* [TASK DIRECTIONS]:
What you return should be the full listing, copied exactly and stripped of its pictures.

* [DATA SEGMENT]:
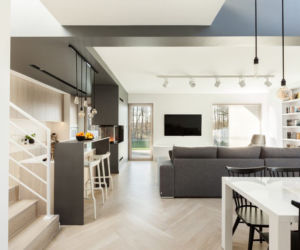 Nowoczesny apartament 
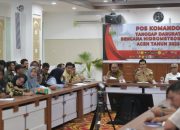 Sekda Aceh Kumpulkan LSM, NGO, dan Relawan untuk Percepat Pemulihan Pasca Bencana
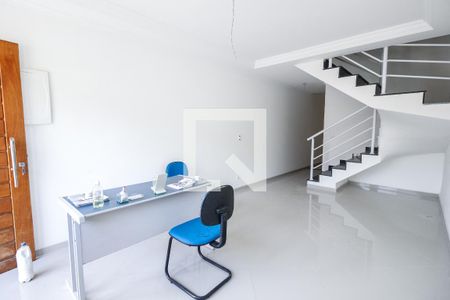 Sala de casa de condomínio à venda com 4 quartos, 150m² em Mandaqui, São Paulo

* [RESPONSE FOR THIS EXERCISE]:
 Nowoczesny apartament 
 Sekda Aceh Kumpulkan LSM, NGO, dan Relawan untuk Percepat Pemulihan Pasca Bencana
 Sala de casa de condomínio à venda com 4 quartos, 150m² em Mandaqui, São Paulo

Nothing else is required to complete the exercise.